One who has experienced the joy of a pack trip to the higher mountain ranges knows what enchanting vistas are unfolded to the view. The grass, the flowers, the trees, the stars that one has known are there; but their loveliness is transmuted into a whole new world of beauty and majesty. There is a stillness in the higher ranges which is something more than absence of the noise and bustle of the world below. The quietude that waits on God is there.
A parallel may be drawn in the experience of one who has been healed in Christian Science of some bodily ill and goes on to unfold those qualities of Spirit, whose dawn in consciousness brought about the physical resuscitation. One's thought is illumined and one's experience is harmonized by the change in viewpoint through which such healing is accomplished. This harmony often satisfies the human sense, and one basks for a while in the new-found freedom which physical healing brings about.
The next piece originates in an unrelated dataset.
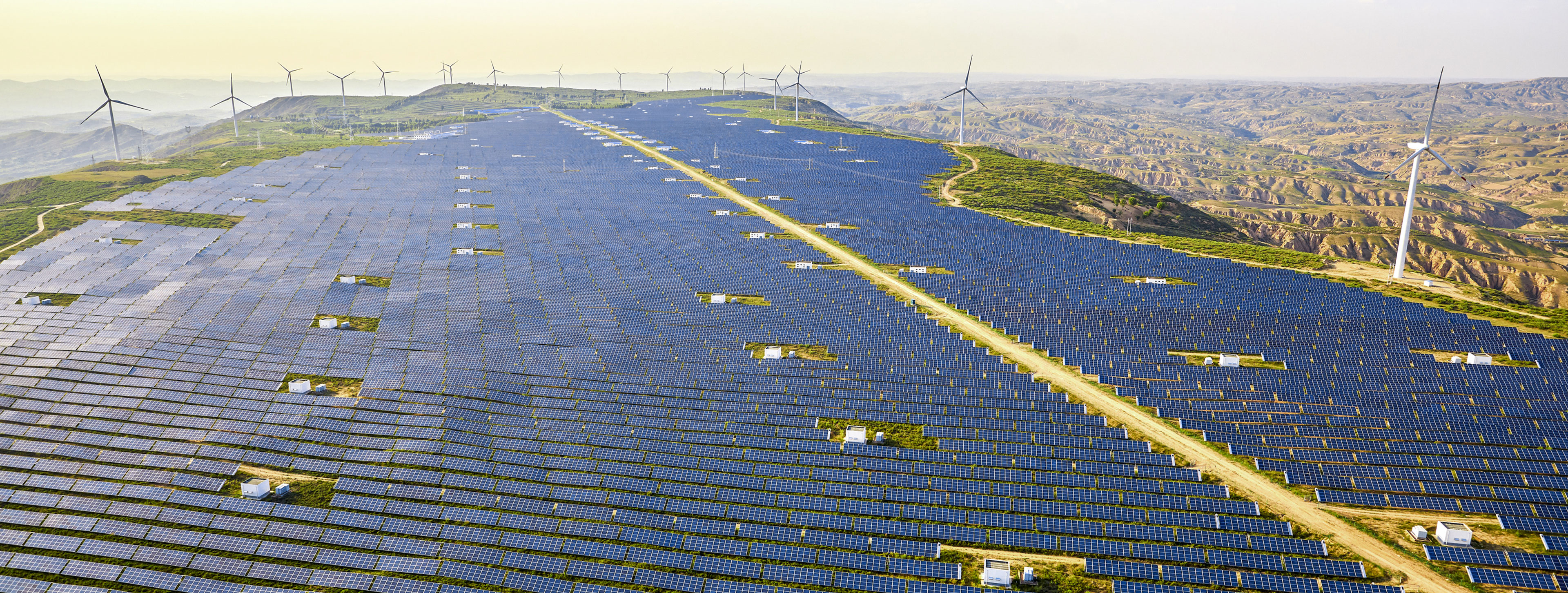 Project Facilitation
But there comes a time when one is called upon to understand Mary Baker Eddy's meaning in her discussion of the question in "Rudimental Divine Science" (p. 2), "Is healing the sick the whole of Science?" Her answer is precise and unequivocal. It begins with these statements: "Healing physical sickness is the smallest part of Christian Science. It is only the bugle-call to thought and action, in the higher range of infinite goodness. The emphatic purpose of Christian Science is the healing of sin."